Reproduction Code for DPT-based segmentation head for GeoBench
Hi! We’ve open-sourced a minimal, reproducible pipeline for DINOv3 (ViTL) + DPT segmentation on GeoBench.
The repo includes model wrapper for DINOv3 and DPT for segmentation task. The dataset wrapper is from DOFA repo.
We successfully reproduce close mIoU to the paper report on three segmentation tasks (m-NeonTree, m-nz-cattle, m-pv4ger-seg) out of six in GeoBench.
I am still not sure the cause of big gap on the other three tasks, might be preprocess pipeline.

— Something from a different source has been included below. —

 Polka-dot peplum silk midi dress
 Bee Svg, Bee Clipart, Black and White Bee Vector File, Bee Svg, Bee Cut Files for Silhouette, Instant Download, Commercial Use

Feedback and PRs are welcome.
The code is in Repo.
Hi ! Thank you for your interest in DINOv3. Looking quickly at the README file of your repo, I see that you mentioned Blocks extracted for DPT -4,-3,-2,-1 (not mentioned in paper) - we used 4 intermediate layers of the backbone.
Also, the numbers you mentioned from our paper were produced using a ViT-L pretrained on satellite data (and not LVD), so I think it also brings a difference. I hope this will help you to produce closer numbers for Geobench tasks
If I remember well, DPT typically uses the layers {5, 12, 18, 24} for the vit-L.